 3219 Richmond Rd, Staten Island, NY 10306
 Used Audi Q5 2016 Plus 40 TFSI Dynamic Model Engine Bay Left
--
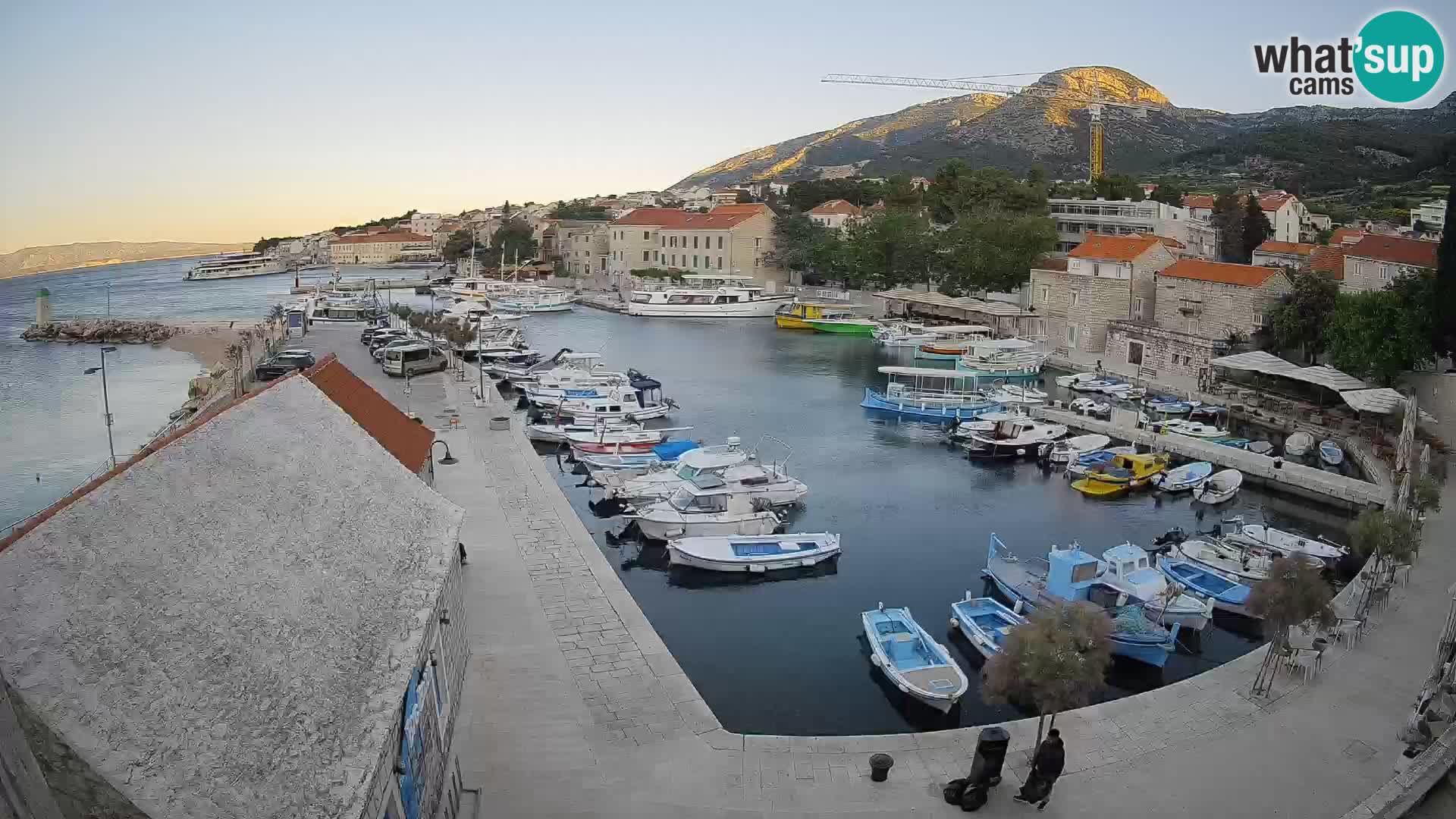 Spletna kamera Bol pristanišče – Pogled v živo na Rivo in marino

YOUR GOAL: Look above for the line holding "3219 Richmond Rd, Staten Island, NY 10306" and the line holding "Used Audi Q5". Retype both, and every line between them, word for word and nothing else.

THE ANSWER:
 3219 Richmond Rd, Staten Island, NY 10306
 Used Audi Q5 2016 Plus 40 TFSI Dynamic Model Engine Bay Left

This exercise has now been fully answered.